Ten Little Indians (1989)
No matter what your literary pedigree might be, if your movie’s big star happens to be Frank Stallone, the younger and much less talented brother of Sylvester, then you have a serious problem from which you can never recover. Yes, Ten Little Indians is the umpteenth filmed version of Agatha Christie’s famed novel and play, and, yes, Frank Stallone is the romantic lead, but, to be fair, there are many other problems.
The story of Ten Little Indians should be familiar: a group of ten strangers all arrive at a remote locale by invitation from their unknown and unseen host, Mr. Owen. All ten are accused of murder themselves and are soon picked off one by one, all in the methods presented by the creepy children’s poem, “Ten Little Indians.” The killer is one of the ten, but who is it? And as great a story as this is, it just can’t survive this latest and lamest production.
To be effective, the setting must be someplace that is both remote and expansive, after all, the victims should be cut off, unable to escape, and there should be plenty of room for the killer to move about undetected. Earlier incarnations were set on islands, remote mountain estates, and, in the 1974 version, a giant palace in the middle of the Iranian desert. This 1989 version takes place in a small campsite in the African wilderness, and therein lays the problem. All the characters inhabit small tents that placed far too close together. How in the world is anyone going to remain undetected? Any tension is leeched out by the fact that we can’t understand how they are able to get killed without being seen by, like, everyone. In fact, characters seem to die and their bodies seem to appear within inches of the others without being seen. At first this is an annoyance, but it quickly becomes unintentionally funny.

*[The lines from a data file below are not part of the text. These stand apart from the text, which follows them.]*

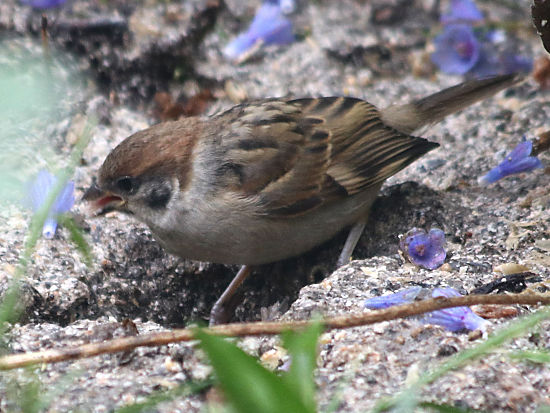Feldsperling
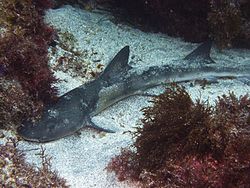 Japanese topeshark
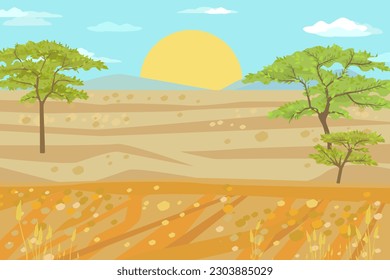 African landscape with sunrise. Plain with acacia trees.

The script by Jackson Hunsicker and Gerry O’Hara is also an issue. There’s a reason this story has been produced so many times: it’s a classic on its own. It’s important that we know the poem ‘Ten Little Indians,’ otherwise the victims’ demises and the clues to who the killer might be are impossible to anticipate or interpret. The poem is treated as an unimportant throwaway. We are also supposed to get some insight into the characters based on the stories behind the murders they are accused of; but many of these too are frustratingly absent or needlessly changed (the story Brenda Vaccaro comes up with about her lesbian lover is a howlingly bad addition). Vaccaro also gets the funniest line of dialogue when speaking about the murder of Neil McCarthy: as they bury his body she gravely intones, “We didn’t even get to know his first name,” even though his first name was given a mere five minutes earlier.
Last, and most certainly least, we come to the cast. No one in Ten Little Indians comes off very well. The performances range from hammy (Donald Pleasance, Brenda Vaccaro, Herbert Lom), to bizarre (Paul L. Smith, Moira Lister), to affected (Sarah Maur Thorp), and to downright awful (Frank Stallone, Yehunda Efroni). Stallone performs in a manner best described as smirkily embalmed; his stiff line readings, coupled with this constant half-smile no matter what’s transpiring on screen, is all the proof one needs as to why he never had a career like his brother. To be fair, Efroni is equally terrible but in the opposite way; he’s a pure cartoon with a hideous German accent to boot that is like nails on a chalkboard.
No matter how big a mystery or Agatha Christie fan you might be, this Ten Little Indians is no fun. It’s even worse than the dreary and lethargic 1974 version with Oliver Reed and Richard Attenborough, and if you’ve actually seen that one, you’ll know how insulting that comparison is.